Exploring music by creating it
The museum’s collections also hold stories that humanize even the greatest musicians. One of the most memorable involves a 14-year-old prodigy named Wolfgang Amadeus Mozart.
In 1770, Mozart stayed in Bologna to study with Giovanni Battista Martini, a Franciscan friar and music theorist who laid the foundation for the city’s historic music archive. Mozart hoped to join the Accademia Filarmonica, but he had to pass a grueling composition exam.
“These exams were called clausura, meaning ‘locked room’,” Tabellini said. “Candidates were literally locked in to write their scores. They could last hours, even days.”
Mozart had spent the summer preparing with Martini, who was also the head of the Accademia. Still, the results were mixed.
“We hold two of the three versions of Mozart’s exam,” Tabellini said. “The first is Mozart’s autograph — full of mistakes. The second, in Martini’s handwriting, is musically correct but full of corrections. The third, kept at the Accademia, is identical to Martini’s version, but written by Mozart. That version earned him admission.”
The conclusion? “Mozart copied,” Tabellini said. “It’s one of the most fascinating musical mysteries we preserve. And telling it to visitors brings history to life. If even Mozart needed a helping hand … then there’s hope for all of us.”
Breathing life into old music
Connecting the old to today also means finding new ways to let historical documents speak to modern audiences. Through live events and storytelling, the museum ensures that ancient music isn’t just studied — it’s experienced in real time.
The museum displays some 300 instruments, including one-of-a-kind rarities like the Clavemusicum omnitonum — a 16th-century “perfect keyboard” capable of playing every pitch imaginable. Unfortunately, its keys are too far apart to be playable by human hands.
Other instruments, however, do come to life in the museum’s many live events: over 100 each year. These include concerts, lectures and series like Wunderkammer and Insolita.
“In Insolita, we select a document from our collection and pair it with a live concert,” Tabellini said.
Before the performance, we show the original manuscript and explain its history. It’s a way to give life to what would otherwise remain silent.”

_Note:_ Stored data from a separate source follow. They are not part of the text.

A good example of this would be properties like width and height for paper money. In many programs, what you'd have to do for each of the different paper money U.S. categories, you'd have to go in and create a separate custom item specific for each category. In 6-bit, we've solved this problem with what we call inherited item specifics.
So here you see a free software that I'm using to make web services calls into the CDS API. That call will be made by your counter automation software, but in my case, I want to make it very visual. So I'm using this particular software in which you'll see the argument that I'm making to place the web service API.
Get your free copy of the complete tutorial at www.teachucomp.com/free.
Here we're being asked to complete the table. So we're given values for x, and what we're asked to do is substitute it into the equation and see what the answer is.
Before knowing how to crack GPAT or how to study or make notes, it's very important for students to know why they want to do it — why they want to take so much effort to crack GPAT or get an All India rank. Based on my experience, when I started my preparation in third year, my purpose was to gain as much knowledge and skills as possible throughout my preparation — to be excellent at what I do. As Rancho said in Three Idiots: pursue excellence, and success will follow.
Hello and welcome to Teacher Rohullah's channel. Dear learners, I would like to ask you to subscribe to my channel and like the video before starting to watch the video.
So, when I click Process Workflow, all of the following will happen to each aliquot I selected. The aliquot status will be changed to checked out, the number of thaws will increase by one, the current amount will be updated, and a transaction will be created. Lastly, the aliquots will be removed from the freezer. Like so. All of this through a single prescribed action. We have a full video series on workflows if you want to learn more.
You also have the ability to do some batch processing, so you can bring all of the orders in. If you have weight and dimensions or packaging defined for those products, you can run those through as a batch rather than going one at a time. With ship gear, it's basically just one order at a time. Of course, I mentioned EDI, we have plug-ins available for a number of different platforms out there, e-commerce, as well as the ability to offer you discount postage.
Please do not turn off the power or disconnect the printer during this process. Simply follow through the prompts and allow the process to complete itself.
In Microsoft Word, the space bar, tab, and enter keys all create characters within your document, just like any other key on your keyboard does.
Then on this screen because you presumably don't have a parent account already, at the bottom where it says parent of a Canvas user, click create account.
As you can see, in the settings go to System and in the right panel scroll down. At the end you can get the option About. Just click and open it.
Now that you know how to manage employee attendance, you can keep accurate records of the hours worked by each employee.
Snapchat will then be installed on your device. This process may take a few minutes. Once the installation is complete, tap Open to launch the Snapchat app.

One audience favorite is “O felici occhi miei” by Arcadelt, a Renaissance madrigal — a form of secular, polyphonic vocal music — with 40 known editions. “We hold 19 of them,” Tabellini said. “When people see the actual pages before hearing the music, they realize that without those sheets, the music itself might never have survived.”
Visitors sometimes wonder why music doesn’t constantly play in a museum of music. But there’s a reason.
“If you just pipe background music through the rooms, it becomes ‘muzak’ — like in a supermarket,” Tabellini said.
Instead, the museum is exploring meaningful ways to integrate sound: virtual manuscripts, interactive instruments and multimedia displays.
“We want to integrate music into the experience — but on our own terms,” Tabellini said. “It’s not just about hearing. It’s about understanding why you’re hearing it.”
The challenge is to make a quiet space sing — not loudly, but purposefully. “We don’t want to entertain. We want to create an experience. Every object we preserve has something to say, and we want its voice to be heard.”
Questions to consider:
1. How do labels like “opera” or “love songs” influence — or distort — how we see Italian music today?
2. In what way is highlighting cultural heritage important to for cities that rely on tourism?
3. When was the last time you found yourself liking old music? What about it did you like?